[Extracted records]
········

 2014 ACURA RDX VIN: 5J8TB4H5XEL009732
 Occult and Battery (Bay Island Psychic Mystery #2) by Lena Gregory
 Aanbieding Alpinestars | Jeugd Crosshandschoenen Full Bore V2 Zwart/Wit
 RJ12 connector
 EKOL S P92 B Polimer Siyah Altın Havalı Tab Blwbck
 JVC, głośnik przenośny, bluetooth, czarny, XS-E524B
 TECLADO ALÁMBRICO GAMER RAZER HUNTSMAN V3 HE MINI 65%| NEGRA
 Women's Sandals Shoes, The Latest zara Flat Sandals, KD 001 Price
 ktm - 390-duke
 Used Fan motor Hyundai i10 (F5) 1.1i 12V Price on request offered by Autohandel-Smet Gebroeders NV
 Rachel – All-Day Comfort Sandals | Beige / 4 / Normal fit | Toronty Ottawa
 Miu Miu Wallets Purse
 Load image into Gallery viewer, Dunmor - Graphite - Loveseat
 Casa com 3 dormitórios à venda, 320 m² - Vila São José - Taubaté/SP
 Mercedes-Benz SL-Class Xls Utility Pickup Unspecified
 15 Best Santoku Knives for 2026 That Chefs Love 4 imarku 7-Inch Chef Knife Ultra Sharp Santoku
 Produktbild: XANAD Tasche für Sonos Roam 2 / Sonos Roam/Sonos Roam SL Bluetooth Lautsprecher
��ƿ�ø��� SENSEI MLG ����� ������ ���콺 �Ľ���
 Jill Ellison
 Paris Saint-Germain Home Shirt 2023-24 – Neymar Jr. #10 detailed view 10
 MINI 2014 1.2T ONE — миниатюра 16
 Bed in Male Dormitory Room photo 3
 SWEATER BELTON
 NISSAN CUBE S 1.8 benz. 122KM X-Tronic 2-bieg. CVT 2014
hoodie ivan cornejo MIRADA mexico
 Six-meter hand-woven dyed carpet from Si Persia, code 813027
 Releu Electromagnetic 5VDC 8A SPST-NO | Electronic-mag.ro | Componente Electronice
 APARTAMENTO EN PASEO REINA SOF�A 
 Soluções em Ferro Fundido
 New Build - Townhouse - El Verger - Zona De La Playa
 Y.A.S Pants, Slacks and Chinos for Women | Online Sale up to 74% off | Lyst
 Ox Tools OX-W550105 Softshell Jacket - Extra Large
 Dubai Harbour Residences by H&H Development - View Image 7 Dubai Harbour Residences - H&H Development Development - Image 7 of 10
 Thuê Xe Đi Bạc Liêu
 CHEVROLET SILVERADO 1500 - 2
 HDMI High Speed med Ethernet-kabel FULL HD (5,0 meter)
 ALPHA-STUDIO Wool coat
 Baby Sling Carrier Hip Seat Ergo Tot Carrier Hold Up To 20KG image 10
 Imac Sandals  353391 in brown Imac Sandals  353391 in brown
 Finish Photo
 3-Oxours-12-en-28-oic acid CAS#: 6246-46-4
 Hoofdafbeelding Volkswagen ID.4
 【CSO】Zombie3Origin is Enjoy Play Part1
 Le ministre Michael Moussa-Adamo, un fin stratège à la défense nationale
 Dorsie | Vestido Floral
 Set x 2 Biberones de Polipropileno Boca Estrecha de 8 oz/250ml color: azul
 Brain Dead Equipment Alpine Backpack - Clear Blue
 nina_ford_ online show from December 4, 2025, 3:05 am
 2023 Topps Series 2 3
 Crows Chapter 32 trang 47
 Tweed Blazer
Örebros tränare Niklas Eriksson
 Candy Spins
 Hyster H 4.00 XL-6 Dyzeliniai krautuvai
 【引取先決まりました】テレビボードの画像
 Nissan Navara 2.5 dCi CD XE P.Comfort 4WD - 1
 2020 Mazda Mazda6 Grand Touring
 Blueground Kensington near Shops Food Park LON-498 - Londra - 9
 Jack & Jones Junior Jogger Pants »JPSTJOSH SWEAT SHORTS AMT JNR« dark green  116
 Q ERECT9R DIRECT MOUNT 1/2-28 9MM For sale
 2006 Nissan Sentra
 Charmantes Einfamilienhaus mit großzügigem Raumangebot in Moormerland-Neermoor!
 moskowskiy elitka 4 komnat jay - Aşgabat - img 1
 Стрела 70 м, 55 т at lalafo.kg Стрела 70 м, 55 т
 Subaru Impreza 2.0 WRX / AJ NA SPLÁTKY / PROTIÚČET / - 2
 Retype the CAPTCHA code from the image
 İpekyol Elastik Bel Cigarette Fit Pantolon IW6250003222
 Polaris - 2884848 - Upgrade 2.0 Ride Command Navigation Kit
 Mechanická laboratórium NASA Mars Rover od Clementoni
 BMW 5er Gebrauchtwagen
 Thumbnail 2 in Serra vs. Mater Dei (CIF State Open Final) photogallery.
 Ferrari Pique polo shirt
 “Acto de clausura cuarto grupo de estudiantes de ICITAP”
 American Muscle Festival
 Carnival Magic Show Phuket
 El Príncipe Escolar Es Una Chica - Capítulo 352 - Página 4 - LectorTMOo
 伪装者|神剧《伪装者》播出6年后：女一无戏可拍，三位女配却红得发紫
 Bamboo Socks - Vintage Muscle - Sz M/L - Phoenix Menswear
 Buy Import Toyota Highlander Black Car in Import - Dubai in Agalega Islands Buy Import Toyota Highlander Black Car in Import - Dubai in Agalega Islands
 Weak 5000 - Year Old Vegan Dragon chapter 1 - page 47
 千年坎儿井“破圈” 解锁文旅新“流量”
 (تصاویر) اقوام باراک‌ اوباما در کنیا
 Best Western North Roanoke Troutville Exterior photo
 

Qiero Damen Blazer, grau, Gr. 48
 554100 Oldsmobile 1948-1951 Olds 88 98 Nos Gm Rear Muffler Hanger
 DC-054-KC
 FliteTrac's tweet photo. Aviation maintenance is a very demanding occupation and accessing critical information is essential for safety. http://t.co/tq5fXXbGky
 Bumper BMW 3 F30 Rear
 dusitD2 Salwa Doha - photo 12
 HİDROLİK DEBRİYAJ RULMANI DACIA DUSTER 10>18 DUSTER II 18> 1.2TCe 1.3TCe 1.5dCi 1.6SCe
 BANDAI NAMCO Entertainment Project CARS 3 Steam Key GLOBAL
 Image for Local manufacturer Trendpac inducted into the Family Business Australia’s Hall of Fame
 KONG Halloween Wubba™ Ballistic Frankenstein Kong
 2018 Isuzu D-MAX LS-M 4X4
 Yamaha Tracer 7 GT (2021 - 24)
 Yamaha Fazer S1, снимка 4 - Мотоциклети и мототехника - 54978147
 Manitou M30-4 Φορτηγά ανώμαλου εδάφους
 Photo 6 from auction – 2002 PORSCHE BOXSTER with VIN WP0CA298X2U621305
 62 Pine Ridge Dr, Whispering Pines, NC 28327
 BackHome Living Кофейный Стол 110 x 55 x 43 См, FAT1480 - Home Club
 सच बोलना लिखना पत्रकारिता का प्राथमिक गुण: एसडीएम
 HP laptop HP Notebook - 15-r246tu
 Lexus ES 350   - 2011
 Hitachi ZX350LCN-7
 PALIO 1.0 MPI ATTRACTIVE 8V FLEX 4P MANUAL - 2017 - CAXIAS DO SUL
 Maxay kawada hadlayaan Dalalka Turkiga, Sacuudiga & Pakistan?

········

TASK PROMPT → Render the whole set of entries again, exactly as given.

ANSWER SPACE →
 2014 ACURA RDX VIN: 5J8TB4H5XEL009732
 Occult and Battery (Bay Island Psychic Mystery #2) by Lena Gregory
 Aanbieding Alpinestars | Jeugd Crosshandschoenen Full Bore V2 Zwart/Wit
 RJ12 connector
 EKOL S P92 B Polimer Siyah Altın Havalı Tab Blwbck
 JVC, głośnik przenośny, bluetooth, czarny, XS-E524B
 TECLADO ALÁMBRICO GAMER RAZER HUNTSMAN V3 HE MINI 65%| NEGRA
 Women's Sandals Shoes, The Latest zara Flat Sandals, KD 001 Price
 ktm - 390-duke
 Used Fan motor Hyundai i10 (F5) 1.1i 12V Price on request offered by Autohandel-Smet Gebroeders NV
 Rachel – All-Day Comfort Sandals | Beige / 4 / Normal fit | Toronty Ottawa
 Miu Miu Wallets Purse
 Load image into Gallery viewer, Dunmor - Graphite - Loveseat
 Casa com 3 dormitórios à venda, 320 m² - Vila São José - Taubaté/SP
 Mercedes-Benz SL-Class Xls Utility Pickup Unspecified
 15 Best Santoku Knives for 2026 That Chefs Love 4 imarku 7-Inch Chef Knife Ultra Sharp Santoku
 Produktbild: XANAD Tasche für Sonos Roam 2 / Sonos Roam/Sonos Roam SL Bluetooth Lautsprecher
��ƿ�ø��� SENSEI MLG ����� ������ ���콺 �Ľ���
 Jill Ellison
 Paris Saint-Germain Home Shirt 2023-24 – Neymar Jr. #10 detailed view 10
 MINI 2014 1.2T ONE — миниатюра 16
 Bed in Male Dormitory Room photo 3
 SWEATER BELTON
 NISSAN CUBE S 1.8 benz. 122KM X-Tronic 2-bieg. CVT 2014
hoodie ivan cornejo MIRADA mexico
 Six-meter hand-woven dyed carpet from Si Persia, code 813027
 Releu Electromagnetic 5VDC 8A SPST-NO | Electronic-mag.ro | Componente Electronice
 APARTAMENTO EN PASEO REINA SOF�A 
 Soluções em Ferro Fundido
 New Build - Townhouse - El Verger - Zona De La Playa
 Y.A.S Pants, Slacks and Chinos for Women | Online Sale up to 74% off | Lyst
 Ox Tools OX-W550105 Softshell Jacket - Extra Large
 Dubai Harbour Residences by H&H Development - View Image 7 Dubai Harbour Residences - H&H Development Development - Image 7 of 10
 Thuê Xe Đi Bạc Liêu
 CHEVROLET SILVERADO 1500 - 2
 HDMI High Speed med Ethernet-kabel FULL HD (5,0 meter)
 ALPHA-STUDIO Wool coat
 Baby Sling Carrier Hip Seat Ergo Tot Carrier Hold Up To 20KG image 10
 Imac Sandals  353391 in brown Imac Sandals  353391 in brown
 Finish Photo
 3-Oxours-12-en-28-oic acid CAS#: 6246-46-4
 Hoofdafbeelding Volkswagen ID.4
 【CSO】Zombie3Origin is Enjoy Play Part1
 Le ministre Michael Moussa-Adamo, un fin stratège à la défense nationale
 Dorsie | Vestido Floral
 Set x 2 Biberones de Polipropileno Boca Estrecha de 8 oz/250ml color: azul
 Brain Dead Equipment Alpine Backpack - Clear Blue
 nina_ford_ online show from December 4, 2025, 3:05 am
 2023 Topps Series 2 3
 Crows Chapter 32 trang 47
 Tweed Blazer
Örebros tränare Niklas Eriksson
 Candy Spins
 Hyster H 4.00 XL-6 Dyzeliniai krautuvai
 【引取先決まりました】テレビボードの画像
 Nissan Navara 2.5 dCi CD XE P.Comfort 4WD - 1
 2020 Mazda Mazda6 Grand Touring
 Blueground Kensington near Shops Food Park LON-498 - Londra - 9
 Jack & Jones Junior Jogger Pants »JPSTJOSH SWEAT SHORTS AMT JNR« dark green  116
 Q ERECT9R DIRECT MOUNT 1/2-28 9MM For sale
 2006 Nissan Sentra
 Charmantes Einfamilienhaus mit großzügigem Raumangebot in Moormerland-Neermoor!
 moskowskiy elitka 4 komnat jay - Aşgabat - img 1
 Стрела 70 м, 55 т at lalafo.kg Стрела 70 м, 55 т
 Subaru Impreza 2.0 WRX / AJ NA SPLÁTKY / PROTIÚČET / - 2
 Retype the CAPTCHA code from the image
 İpekyol Elastik Bel Cigarette Fit Pantolon IW6250003222
 Polaris - 2884848 - Upgrade 2.0 Ride Command Navigation Kit
 Mechanická laboratórium NASA Mars Rover od Clementoni
 BMW 5er Gebrauchtwagen
 Thumbnail 2 in Serra vs. Mater Dei (CIF State Open Final) photogallery.
 Ferrari Pique polo shirt
 “Acto de clausura cuarto grupo de estudiantes de ICITAP”
 American Muscle Festival
 Carnival Magic Show Phuket
 El Príncipe Escolar Es Una Chica - Capítulo 352 - Página 4 - LectorTMOo
 伪装者|神剧《伪装者》播出6年后：女一无戏可拍，三位女配却红得发紫
 Bamboo Socks - Vintage Muscle - Sz M/L - Phoenix Menswear
 Buy Import Toyota Highlander Black Car in Import - Dubai in Agalega Islands Buy Import Toyota Highlander Black Car in Import - Dubai in Agalega Islands
 Weak 5000 - Year Old Vegan Dragon chapter 1 - page 47
 千年坎儿井“破圈” 解锁文旅新“流量”
 (تصاویر) اقوام باراک‌ اوباما در کنیا
 Best Western North Roanoke Troutville Exterior photo
 

Qiero Damen Blazer, grau, Gr. 48
 554100 Oldsmobile 1948-1951 Olds 88 98 Nos Gm Rear Muffler Hanger
 DC-054-KC
 FliteTrac's tweet photo. Aviation maintenance is a very demanding occupation and accessing critical information is essential for safety. http://t.co/tq5fXXbGky
 Bumper BMW 3 F30 Rear
 dusitD2 Salwa Doha - photo 12
 HİDROLİK DEBRİYAJ RULMANI DACIA DUSTER 10>18 DUSTER II 18> 1.2TCe 1.3TCe 1.5dCi 1.6SCe
 BANDAI NAMCO Entertainment Project CARS 3 Steam Key GLOBAL
 Image for Local manufacturer Trendpac inducted into the Family Business Australia’s Hall of Fame
 KONG Halloween Wubba™ Ballistic Frankenstein Kong
 2018 Isuzu D-MAX LS-M 4X4
 Yamaha Tracer 7 GT (2021 - 24)
 Yamaha Fazer S1, снимка 4 - Мотоциклети и мототехника - 54978147
 Manitou M30-4 Φορτηγά ανώμαλου εδάφους
 Photo 6 from auction – 2002 PORSCHE BOXSTER with VIN WP0CA298X2U621305
 62 Pine Ridge Dr, Whispering Pines, NC 28327
 BackHome Living Кофейный Стол 110 x 55 x 43 См, FAT1480 - Home Club
 सच बोलना लिखना पत्रकारिता का प्राथमिक गुण: एसडीएम
 HP laptop HP Notebook - 15-r246tu
 Lexus ES 350   - 2011
 Hitachi ZX350LCN-7
 PALIO 1.0 MPI ATTRACTIVE 8V FLEX 4P MANUAL - 2017 - CAXIAS DO SUL
 Maxay kawada hadlayaan Dalalka Turkiga, Sacuudiga & Pakistan?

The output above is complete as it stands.